YOUR ASSIGNMENT
Write out the records that follow exactly. Do not include pictures.

DATASET EXTRACT
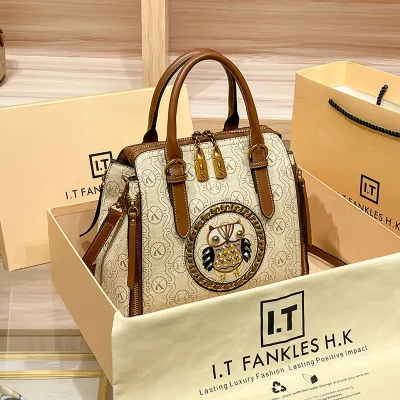 Ladies Luxury Crossbody Bag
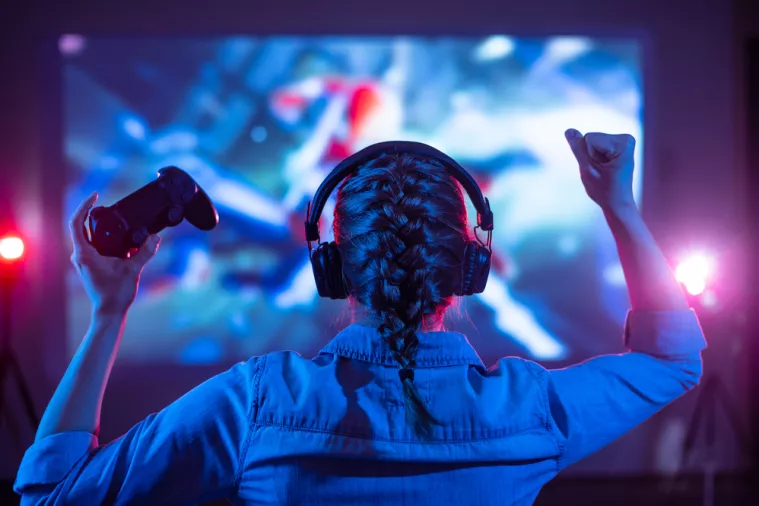 Sony planira veliku proizvodnju VR setova, porasle i dionice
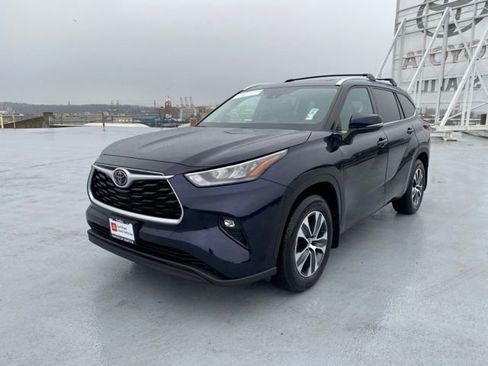 Certified 2020 Toyota Highlander XLE image 5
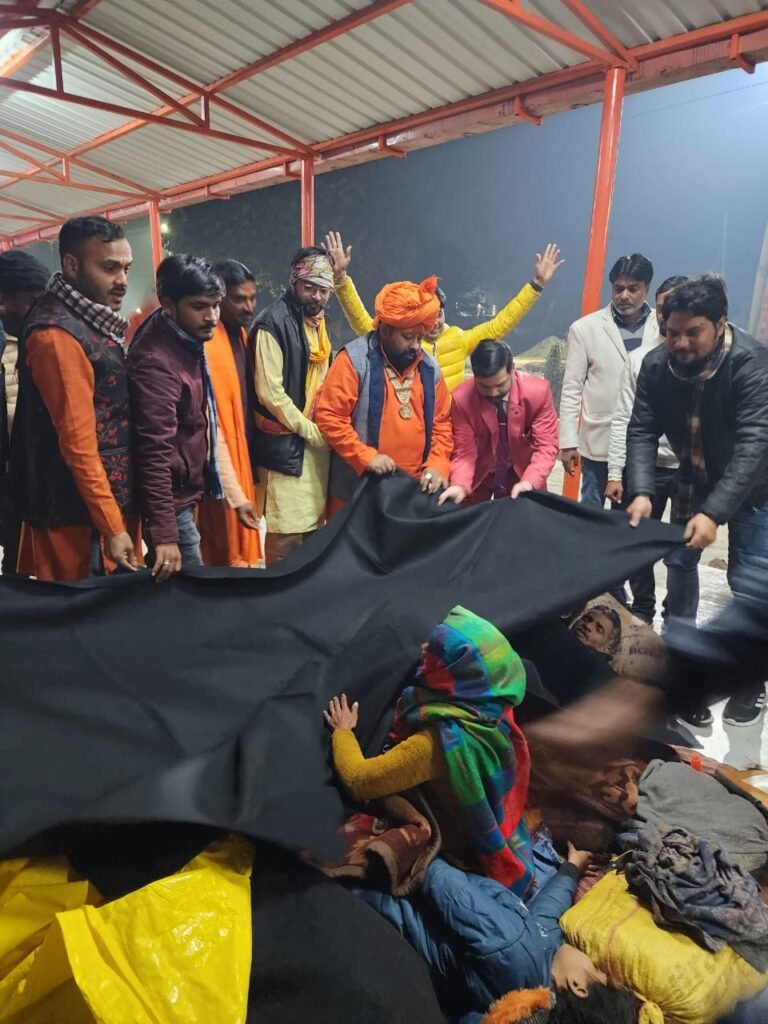 वरिष्ठ पत्रकार सुनील कुमार वर्मा और महंत बृजमोहनदास जी ने अयोध्या में असहाय, बेसहारा राहगीरों को कंबल दान किया 7 Sunil kumar verma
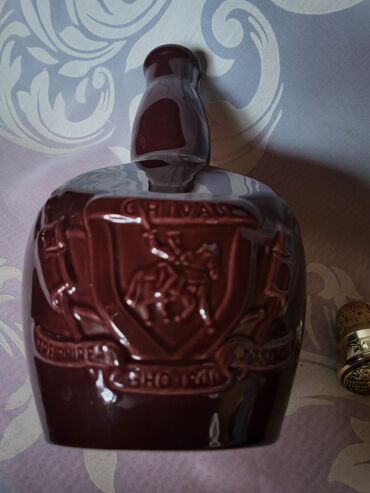 Čaše: Flasa za pice,nova,vintaz dihtujuca porcelanska. Flasa bordo boje,sve — 10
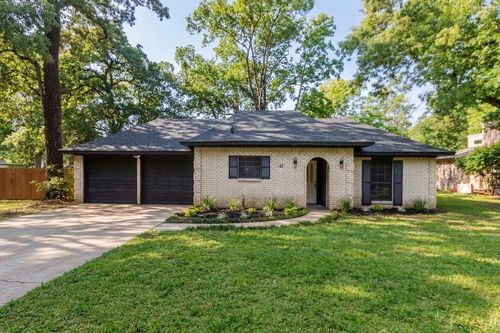 41 Artesia, Conroe, TX, 77304-2525 | Card Image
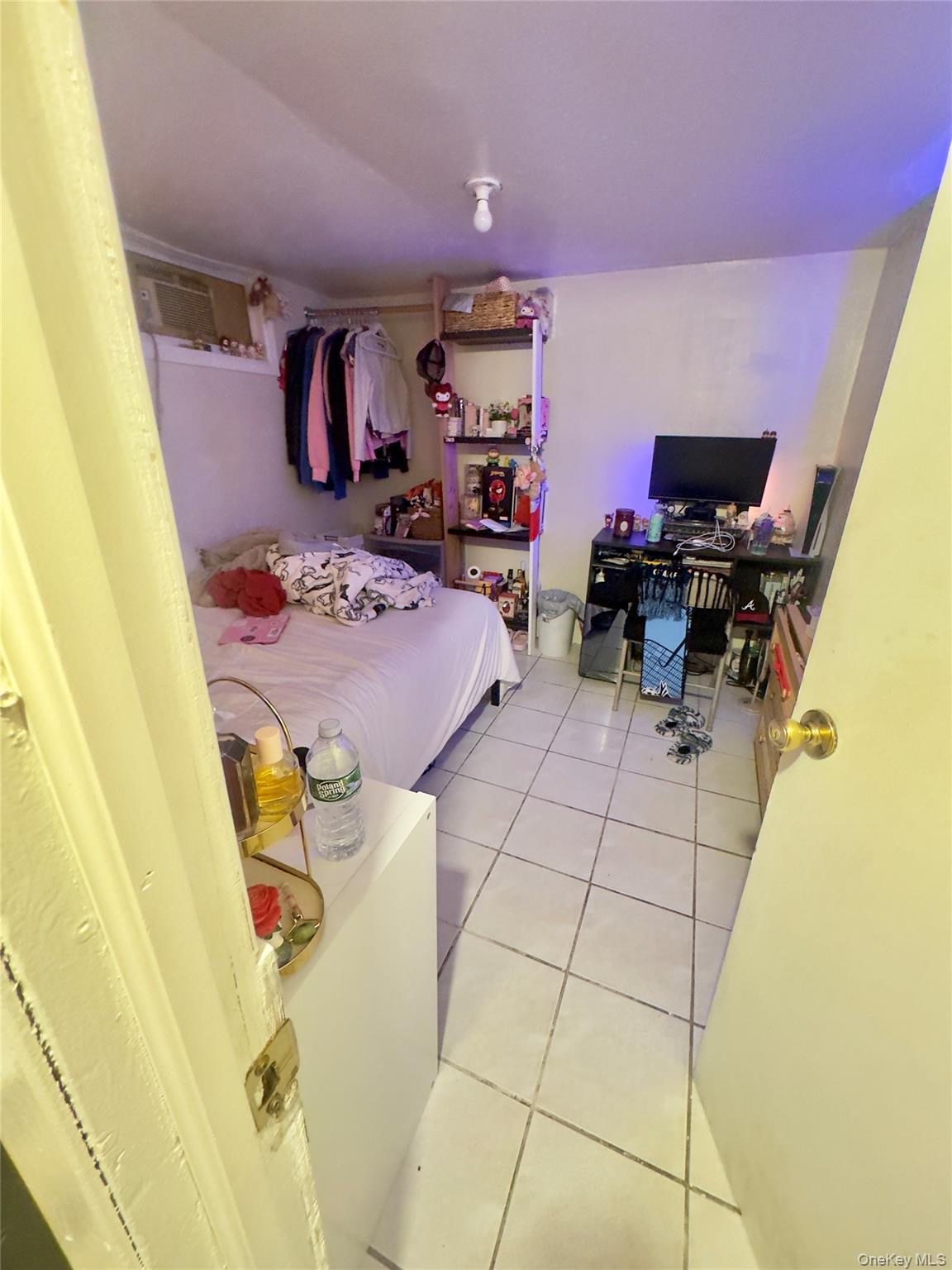 Single Family Roosevelt  Queens, NY 11368, MLS-957501-11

YOUR SOLUTION
 Ladies Luxury Crossbody Bag
 Sony planira veliku proizvodnju VR setova, porasle i dionice
 Certified 2020 Toyota Highlander XLE image 5
 वरिष्ठ पत्रकार सुनील कुमार वर्मा और महंत बृजमोहनदास जी ने अयोध्या में असहाय, बेसहारा राहगीरों को कंबल दान किया 7 Sunil kumar verma
 Čaše: Flasa za pice,nova,vintaz dihtujuca porcelanska. Flasa bordo boje,sve — 10
 41 Artesia, Conroe, TX, 77304-2525 | Card Image
 Single Family Roosevelt  Queens, NY 11368, MLS-957501-11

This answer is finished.